Garreau's last scenario, Prevail, extols the human knack for muddling through--"the ability of ordinary people facing overwhelming odds to rise to the occasion because it is the right thing." The defining characteristic of the Prevail Scenario is that human beings are picking and choosing their futures in an effective manner. The main representative selected for this scenario is Jaron Lanier (the guy with the large collection of musical instruments). Lanier dreams of creating more ways for people to share their thoughts and experiences, and he is fond of pointing out that faster computer hardware does not necessarily lead to equivalent improvements in the usefulness of the software that runs on the computers.
In the final chapter, Garreau asks: "Will we forever keep mum about our obviously intense desire to break the bonds of mortality? Or should we lift the taboo and start dealing with it?" His implied answer is yes.
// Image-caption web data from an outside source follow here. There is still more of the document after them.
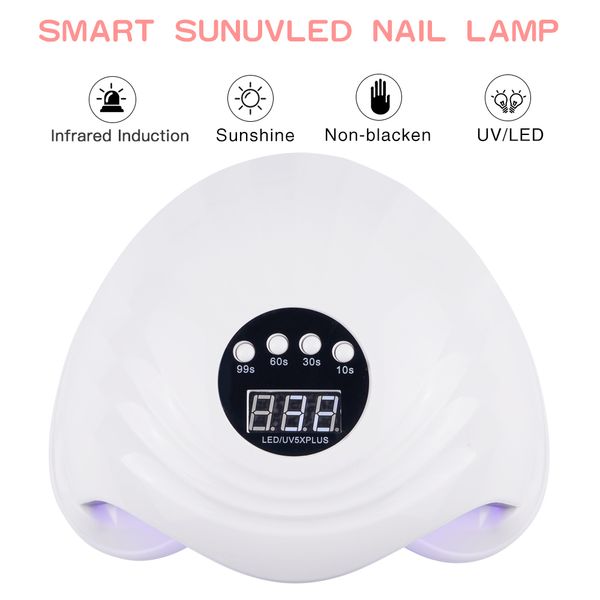 bfaccia nail polish dryer sun light lamp 108w nail light fingernail curing lamp setting 10/30/60/99s timer lcd display sensor
bfaccia nail polish dryer sun light lamp 108w nail light fingernail curing lamp setting 10/30/60/99s timer lcd display sensor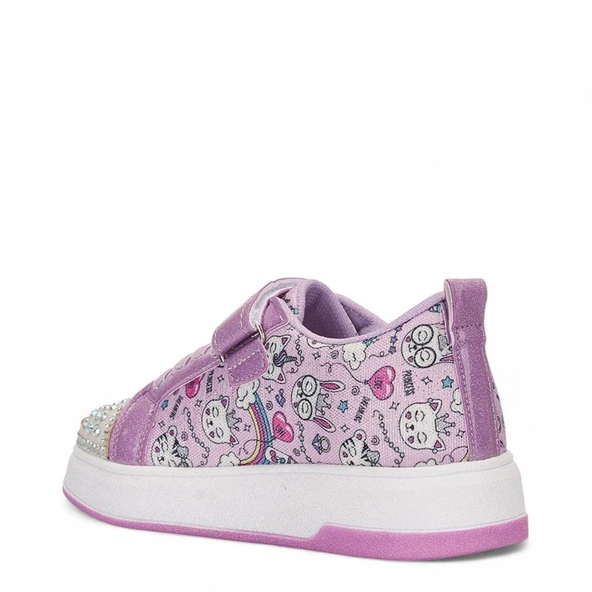 Prokids 5023 Ortopedik  Kız Çocuk Spor Ayakkabı - Resim 17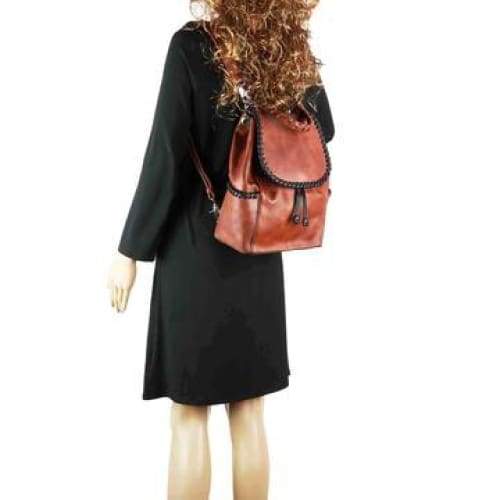 Madelyn Conceal Carry Backpack - Hiding Hilda, LLC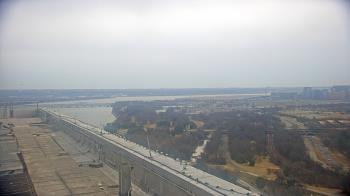 Weather camera view of WJLA-TV.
He then asks, "Shall we be bashful about these lines we are crossing because we do not have a way to make them meaningful?" At this point, Garreau has a constructive proposal: let's create some new rituals. Perhaps, he suggests, we should have "a liturgy of life everlasting as a person receives her first cellular age-reversal workup." Why not indeed?
In the meantime, there is still some work left to do in the laboratories. If we develop the cure for aging in a timely fashion, while steering clear of the disasters that Joy and others have foretold, we may one day get to enjoy indefinite life spans with much improved physical and mental capacities--and some cracking new ceremonies, too.